● **EXERCISE**
Transcribe exactly everything in the data below from the line containing "5th image of" down to the line containing "Offizielle Übergabe der", both lines included and nothing further.

● **DATA EXTRACTS**
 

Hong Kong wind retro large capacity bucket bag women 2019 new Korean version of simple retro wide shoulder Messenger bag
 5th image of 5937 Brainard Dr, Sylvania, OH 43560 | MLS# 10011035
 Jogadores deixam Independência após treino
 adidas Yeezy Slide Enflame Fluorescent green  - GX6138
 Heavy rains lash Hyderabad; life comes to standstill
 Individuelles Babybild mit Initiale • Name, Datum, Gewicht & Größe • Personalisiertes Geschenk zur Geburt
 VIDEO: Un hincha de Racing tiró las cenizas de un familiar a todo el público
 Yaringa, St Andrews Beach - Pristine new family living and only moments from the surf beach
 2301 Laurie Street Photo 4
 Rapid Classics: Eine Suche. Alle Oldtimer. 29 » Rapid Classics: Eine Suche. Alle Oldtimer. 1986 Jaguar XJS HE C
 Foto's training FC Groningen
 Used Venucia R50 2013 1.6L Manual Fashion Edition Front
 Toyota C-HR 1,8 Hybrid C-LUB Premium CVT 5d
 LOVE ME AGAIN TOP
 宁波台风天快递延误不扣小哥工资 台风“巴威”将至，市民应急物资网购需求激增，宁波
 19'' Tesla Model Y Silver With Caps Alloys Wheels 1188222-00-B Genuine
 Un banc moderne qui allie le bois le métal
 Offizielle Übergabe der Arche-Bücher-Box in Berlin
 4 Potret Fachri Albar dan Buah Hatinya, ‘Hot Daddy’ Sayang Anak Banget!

● **TASK OUTPUT**
 5th image of 5937 Brainard Dr, Sylvania, OH 43560 | MLS# 10011035
 Jogadores deixam Independência após treino
 adidas Yeezy Slide Enflame Fluorescent green  - GX6138
 Heavy rains lash Hyderabad; life comes to standstill
 Individuelles Babybild mit Initiale • Name, Datum, Gewicht & Größe • Personalisiertes Geschenk zur Geburt
 VIDEO: Un hincha de Racing tiró las cenizas de un familiar a todo el público
 Yaringa, St Andrews Beach - Pristine new family living and only moments from the surf beach
 2301 Laurie Street Photo 4
 Rapid Classics: Eine Suche. Alle Oldtimer. 29 » Rapid Classics: Eine Suche. Alle Oldtimer. 1986 Jaguar XJS HE C
 Foto's training FC Groningen
 Used Venucia R50 2013 1.6L Manual Fashion Edition Front
 Toyota C-HR 1,8 Hybrid C-LUB Premium CVT 5d
 LOVE ME AGAIN TOP
 宁波台风天快递延误不扣小哥工资 台风“巴威”将至，市民应急物资网购需求激增，宁波
 19'' Tesla Model Y Silver With Caps Alloys Wheels 1188222-00-B Genuine
 Un banc moderne qui allie le bois le métal
 Offizielle Übergabe der Arche-Bücher-Box in Berlin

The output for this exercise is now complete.